Senin, 02 November 2009

Ust. Anis Matta Bicara Soal Uang 2

Sekali main, dia biasanya bisa rugi sampai 5 juta dollar, meskipun kadang-kadang untung 8 juta dollar. Sekali waktu mereka main ke sana, sudah beberapa hari kangen dengan Nasi Padang. Dia bilang ke pilotnya tolong ke Singapore beli Nasi Padang terus balik lagi ke London. Begitulah cara mereka menggunakan uang. Kalaupun orang kaya itu muslim, tidak berjudi, tapi dia tidak punya visi dakwah dan tidak hidup untuk satu misi besar dalam hidupnya, dia pasti akan menggunakan uangnya untuk kesenangan pribadi, seperti perhiasan dan seterusnya.

Saya punya kawan, kalau dia pakai seluruh perhiasannya kira-kira sekitar 2 juta dollar di badannya, cincinnya 1 juta dollar. Mobilnya 1/2 juta dollar, jam tangannya bisa sampai 2 milyar. Adalagi temannya kira-kira punya 200-an jam tangan. Sebuah jam tangan itu harganya kira-kira 2 milyar.
Lebih buruk lagi, kadang-kadang orang kaya yang tidak baik memakai uangnya untuk memerangi kebaikan. Itulah yang terjadi ketika orang-orang Yahudi memegang kendali keuangan dunia.
Maka dari itu, menjadi kaya itu bagi kita adalah satu keharusan, untuk mengembalikan keseimbangan sosial, kehidupan di tengah-tengah kita.

Ketiga, terlalu banyak perintah syariah yang hanya bisa dilaksanakan dengan uang. Antum lihat 5 rukun Islam. Syahadat tidak pakai uang, sholat tidak pakai uang, puasa tidak pakai uang tapi zakat dan haji pakai uang. Kalau 200 ribu orang umat Islam Indonesia tiap tahun pergi haji. Rata-rata mengeluarkan 5000 dollar, coba antum kalikan berapa banyaknya uang yang beredar untuk melaksanakan satu ibadah. Belum lagi jihad. Jadi, kita tidak bisa berjihad kecuali dengan uang. Misalnya kita di lndonesia sekarang mau pergi ke Palestina untuk pergi perang, tenaga kita tidak diperlukan karena tenaga sudah cukup dengan ada yang disana.

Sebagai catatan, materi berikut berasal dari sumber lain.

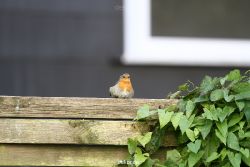 voegel-im-garten-2012-humpelheiner-001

Rasul mengatakan, “Siapa yang menyiapkan seorang bertempur maka dia juga sudah dapat pahala perang”.

Jadi, banyak sekali perintah-perintah Islam yang memerlukan uang. Waktu Rasulullah SAW hijrah ke Madinah, di antara hadits-hadits pertama yang beliau sampaikan pada waktu itu adalah “Afsussalam wa ath’imu tho’am”. Jadi mentraktir itu tradisi nabawiyah. Sering-seringlah mentraktir karena itu perintah Nabi, dan ini turunnya di Madinah pada saat menjelang mihwar daulah. Kira-kira di jaman kita inilah, di mihwar dakwah kita sekarang.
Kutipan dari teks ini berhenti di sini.